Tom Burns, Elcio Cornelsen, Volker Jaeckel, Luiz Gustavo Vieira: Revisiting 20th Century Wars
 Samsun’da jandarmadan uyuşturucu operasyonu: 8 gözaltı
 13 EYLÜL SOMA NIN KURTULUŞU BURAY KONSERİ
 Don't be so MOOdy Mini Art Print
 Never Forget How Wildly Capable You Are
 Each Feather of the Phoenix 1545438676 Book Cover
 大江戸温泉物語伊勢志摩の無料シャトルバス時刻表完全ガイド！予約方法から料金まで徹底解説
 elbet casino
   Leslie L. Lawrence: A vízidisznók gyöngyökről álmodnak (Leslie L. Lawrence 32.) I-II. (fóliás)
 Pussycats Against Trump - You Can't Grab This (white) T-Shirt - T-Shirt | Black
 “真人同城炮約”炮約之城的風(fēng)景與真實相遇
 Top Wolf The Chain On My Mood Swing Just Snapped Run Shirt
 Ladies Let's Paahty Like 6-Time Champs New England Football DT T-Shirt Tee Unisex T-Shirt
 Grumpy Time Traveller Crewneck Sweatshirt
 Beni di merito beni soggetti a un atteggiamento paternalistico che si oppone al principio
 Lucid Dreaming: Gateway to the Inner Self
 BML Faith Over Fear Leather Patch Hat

- Task item: Out of the data above, give again only the lines starting at the one holding "大江戸温泉物語伊勢志摩の無料" and ending at the one holding "Top Wolf The", unchanged.

- Answer box:
 大江戸温泉物語伊勢志摩の無料シャトルバス時刻表完全ガイド！予約方法から料金まで徹底解説
 elbet casino
   Leslie L. Lawrence: A vízidisznók gyöngyökről álmodnak (Leslie L. Lawrence 32.) I-II. (fóliás)
 Pussycats Against Trump - You Can't Grab This (white) T-Shirt - T-Shirt | Black
 “真人同城炮約”炮約之城的風(fēng)景與真實相遇
 Top Wolf The Chain On My Mood Swing Just Snapped Run Shirt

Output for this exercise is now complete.